There are many, many things to love about Squirrel Girl, not the least of which is the tiny commentary at the bottom of each page. As we were calling it, the "kid whistle" text. Heh. That's perfect, because I'm not sure that many older readers can even see that text, let alone read it. It's tiny and it's light golden brown -- it is clearly intended for those who can make it out. I don’t know if this is intentional or not, but one nice thing about it is that it slows you down as you’re reading -- I often burn right through comics, but with these, you have to slow down and take a careful look at what is written at the bottom of each page (and it’s worth it, cause it’s hilarious).
The only thing minor nit we had about these books and, really, comic books in general, is that it's difficult to figure out bizarro numbering protocol of the issues. For instance, Vols 1 and 2 are collections of "Volume 1, 1-8." Vol 3 is "Volume 2, 1-6." What? What makes up volumes? Oh, here’s someone breaking down the messed up numbering -- it was a weirdo Marvel choice to blow everything up and then re-build and SG got caught in the crossfire. As you pointed out, this is another thing that makes the bar even higher for people to enter the world of reading comics -- as if it’s not hard enough to walk into a comic book store with zero comic knowledge [except for yours, I know -- that’s a very welcoming one!] it feels like you have to be an “insider” just to understand the numbering system! Now that I think of it… I do not think this sort of exclusionary behavior would be Doreen-approved.

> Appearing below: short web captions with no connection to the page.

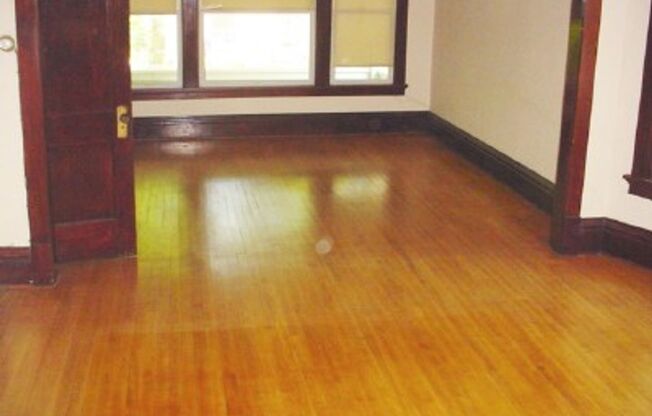 (518) - 819-821 E. Gorham Street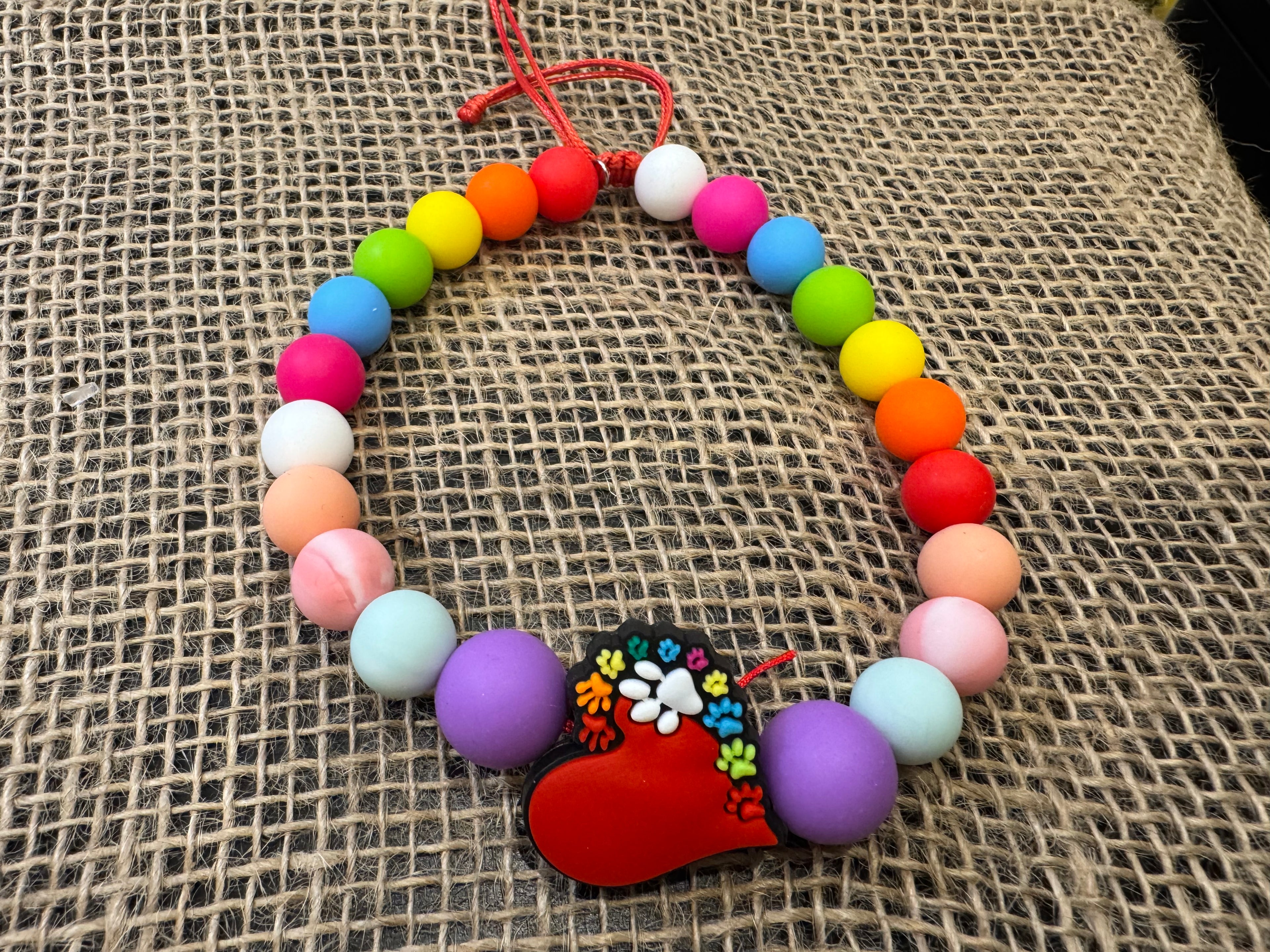The Pet Necklace - Rainbow
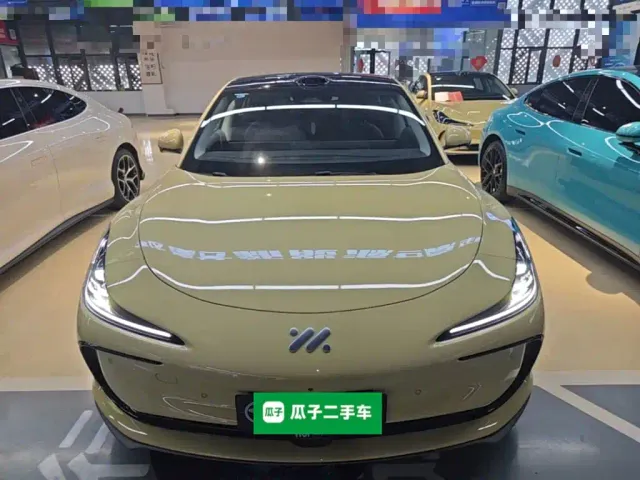 IM Motors L6 — Фото автомобиля 2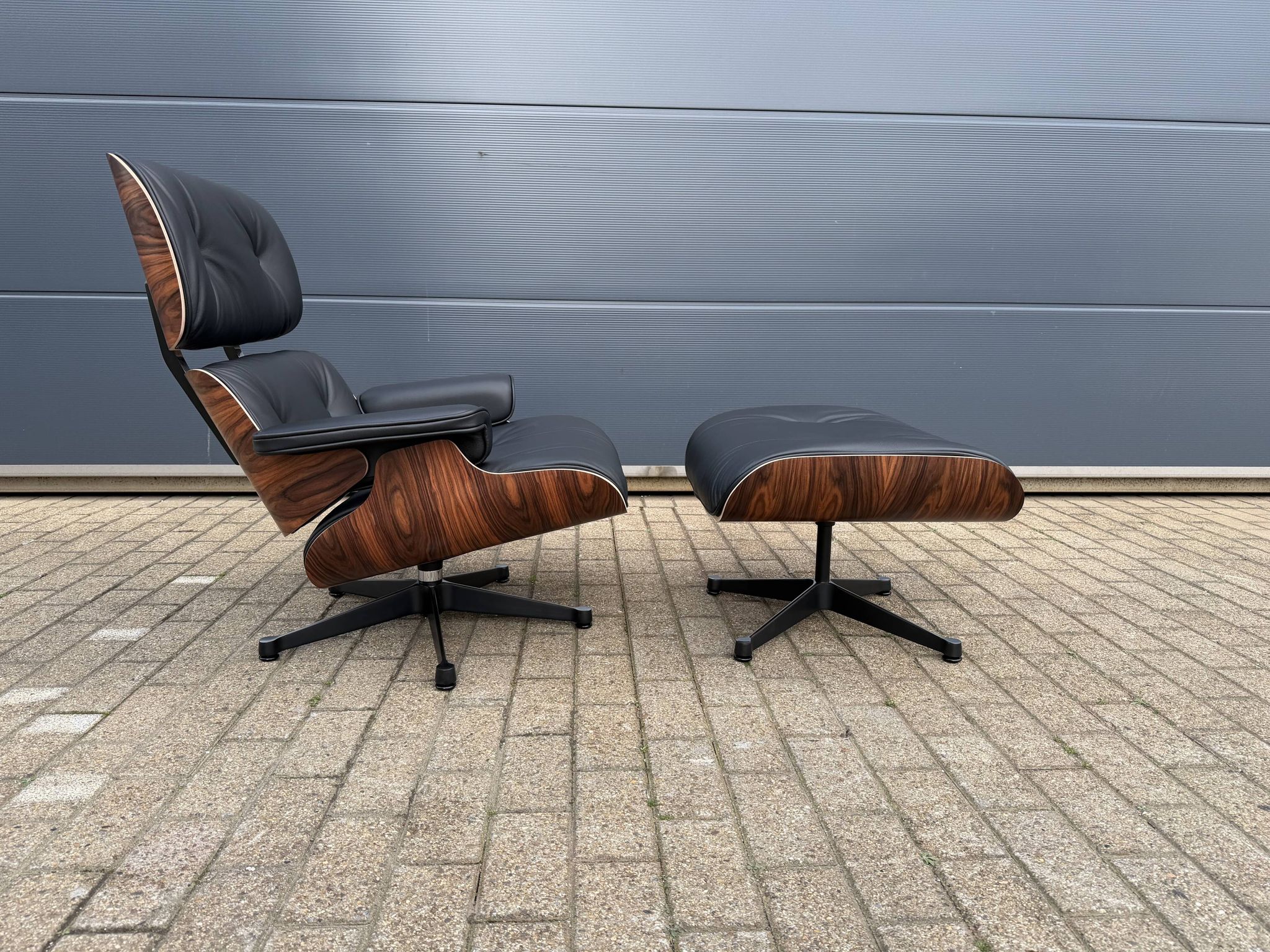 Vitra Eames Lounge chair XL + Ottoman, Zwart leder & Santos Palissander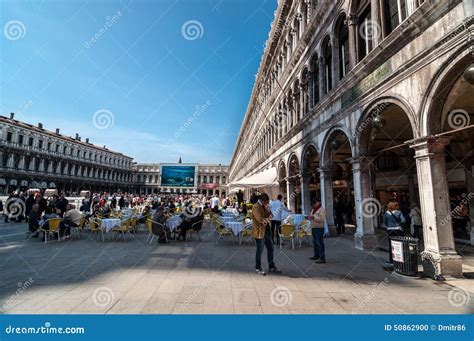 People Visit San Marco Square In Venice Editorial Image Image Of Gateway Palace 50862900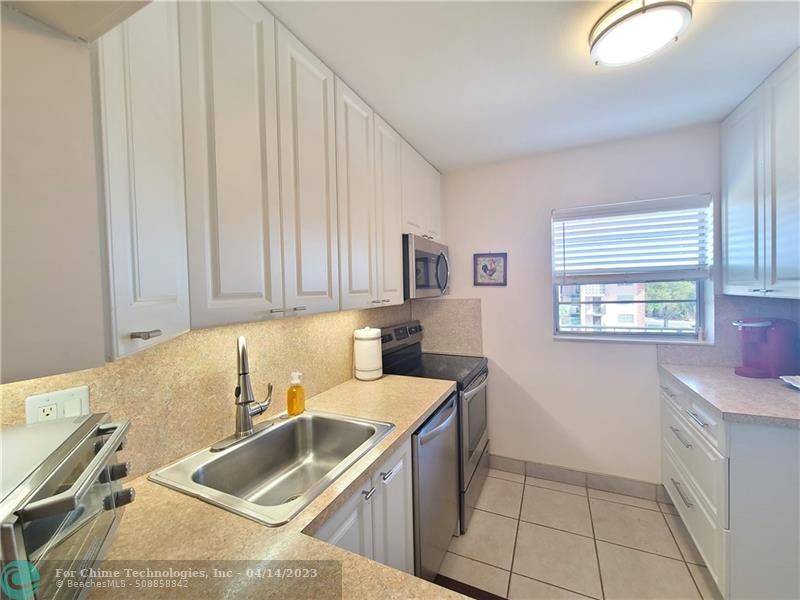 Lauderdale Lakes, FL 33313,2951 NW 46th Ave  #406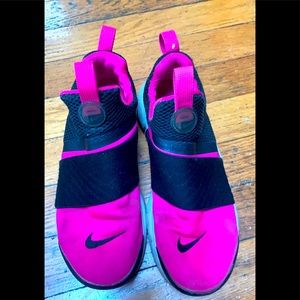Nike Girls slip on sneaker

I think the only thing about Squirrel Girl that we differed in opinions on was the Letters section: I love it and you do not. I was so surprised that you don't read them -- I find the interaction between fans and authors to be very charming (esp. from little girls). It turns out you do look at the cosplay photos, but just cannot stand the formatting of the letters on the page -- there are some justification and general design issues; the responses are bold and inconsistently formatted; and, as you recalled from our High School yearbook days: “ECHO says ‘No trapped copy!’” (there is, in fact, trapped copy). All of that doesn’t bother me -- it reminds me of Letters pages of yore, when reading comics as a kid. You made a good point there that, when we were kids, it was nice to read the letters from other people in the world and realize, “Look! Other people feel the same way as I do!” and now… we have the Internet for that. I still like old-school stuff (real mail, film cameras, etc.) so I guess that’s my thing. Thinking more about it, I just don’t think they want to spend/waste a lot of time formatting that page (if they did, they’d probably have to cut it entirely) so this is how they get those letters out there. And hey, if young kids are reading SG (and I hope they are!) then they can connect with other fans without Internet use.
In conclusion, we love Squirrel Girl and are so happy that this comic exists in the world.